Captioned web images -
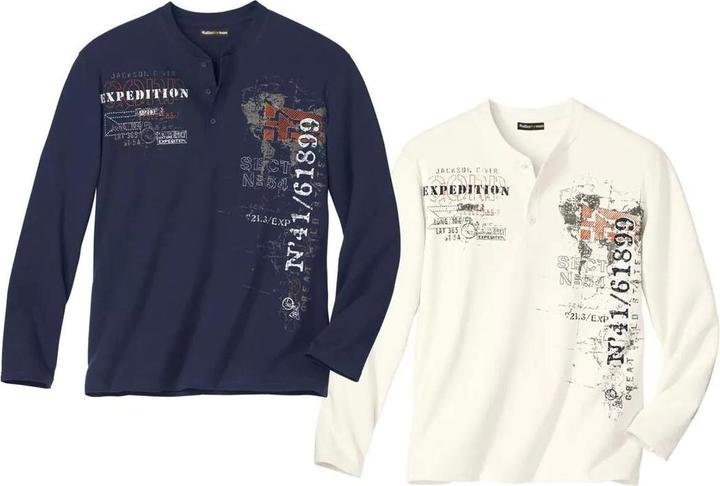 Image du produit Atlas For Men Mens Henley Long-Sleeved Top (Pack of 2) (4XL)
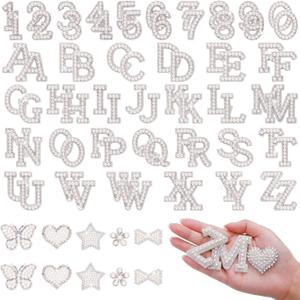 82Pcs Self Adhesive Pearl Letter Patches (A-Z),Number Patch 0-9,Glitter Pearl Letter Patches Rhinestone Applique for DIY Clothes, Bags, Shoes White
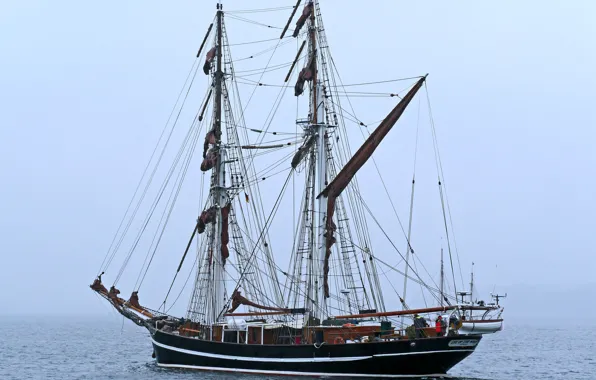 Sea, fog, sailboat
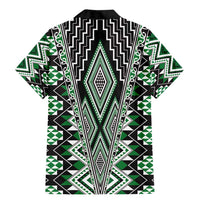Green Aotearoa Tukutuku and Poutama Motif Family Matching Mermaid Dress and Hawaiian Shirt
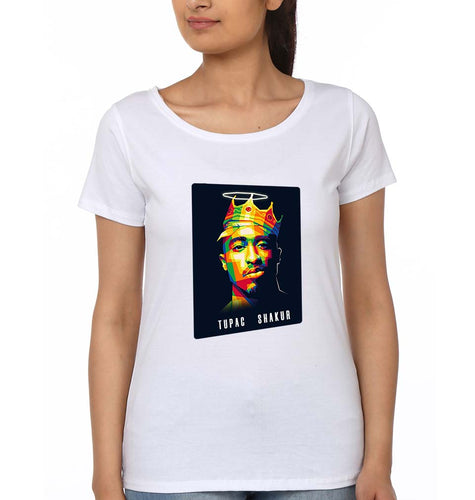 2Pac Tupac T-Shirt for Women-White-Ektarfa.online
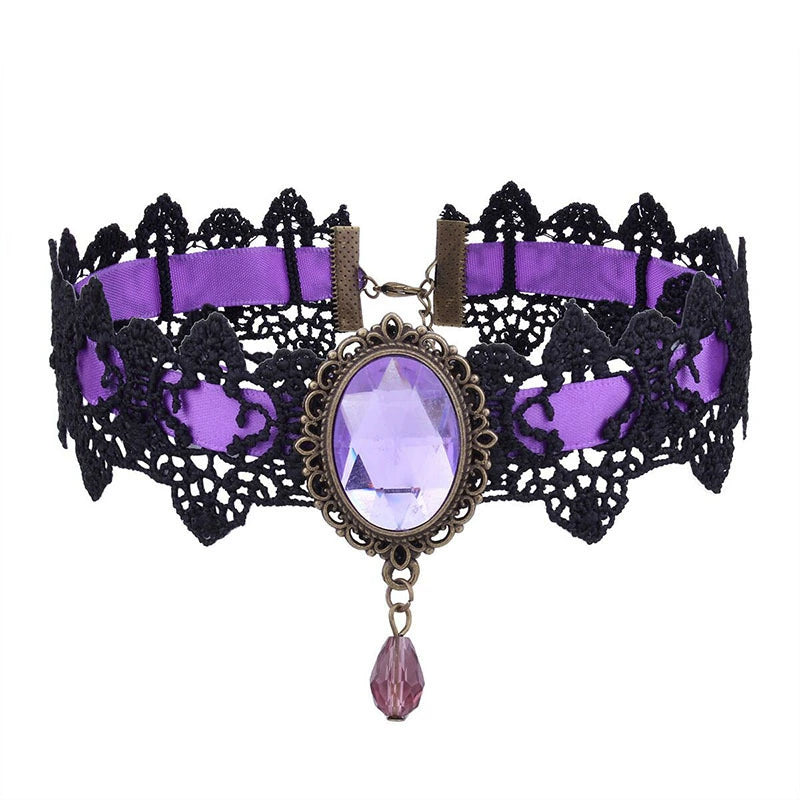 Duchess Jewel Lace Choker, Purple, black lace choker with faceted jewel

WHAT IS BEING ASKED - Retype all the data exactly, please, without pictures.

OUTPUT FOR THIS EXERCISE -
 Image du produit Atlas For Men Mens Henley Long-Sleeved Top (Pack of 2) (4XL)
 82Pcs Self Adhesive Pearl Letter Patches (A-Z),Number Patch 0-9,Glitter Pearl Letter Patches Rhinestone Applique for DIY Clothes, Bags, Shoes White
 Sea, fog, sailboat
Green Aotearoa Tukutuku and Poutama Motif Family Matching Mermaid Dress and Hawaiian Shirt
 2Pac Tupac T-Shirt for Women-White-Ektarfa.online
 Duchess Jewel Lace Choker, Purple, black lace choker with faceted jewel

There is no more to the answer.